Around each corner of Heide Ussery-Truax's house, framed treasures of personal and family pride hang on the walls. Even the wall paint has some of her artistry in it.

Portraits of family members, backyard flowers like her violet clematis, and southern landscapes grace the Truax home in Lovejoy.

The house is an archive of paintings, and a tour is an exercise in art appreciation, with every room containing at least one artifact of her love for creativity.

"I've always loved painting," she said.

The 62-year old is an artist. But much of her life has been spent working as a supervisor in a local factory and raising children.

Ussery-Truax came to Clayton County in 1962 from Germany. Her accent is intermittent, applying an immigrant pronunciation to some words while coming close to Southern on others.

She had painted off and on over the years.

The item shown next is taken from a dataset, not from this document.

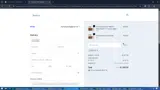 NSC10 coupon verification screenshot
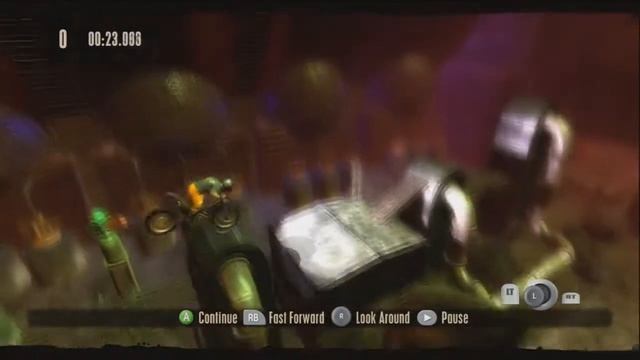 Trials HD - The1Russian UCCC Entry #2 смотреть онлайн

But Ussery-Truax has come into her prime after she retired from her job three years ago.

She said she works on two or three pieces at a time, and her studio is cluttered with easels and works in progress.

Regardless of her German heritage, Ussery-Truax's subject-matter is deeply Georgian.

Some of her work hangs at the Arts Clayton gallery in Jonesboro as part of a traveling exhibition called Georgia Through Artists Eyes.

In one piece, she captured the re-enactment of the Battle of Jonesboro.

Truax's work is "impressionistic" and the style fits with her bubbly, full-of-life personality, according to her teacher Norma Poulos, who owns a studio in Forest Park.

The inspiration for many of her pieces comes from her backyard garden.

"You want to (paint) your own," she said. "You don't want to take it from someone else."

Ussery-Truax said her favorite medium is oil paint.

But she often relies on alternative mediums, like tea leaves to give her pieces more dimension, and deeper colors.

She said she has just picked up the tricks over the years.

"You always keep learning," Ussery-Truax said. "You have to."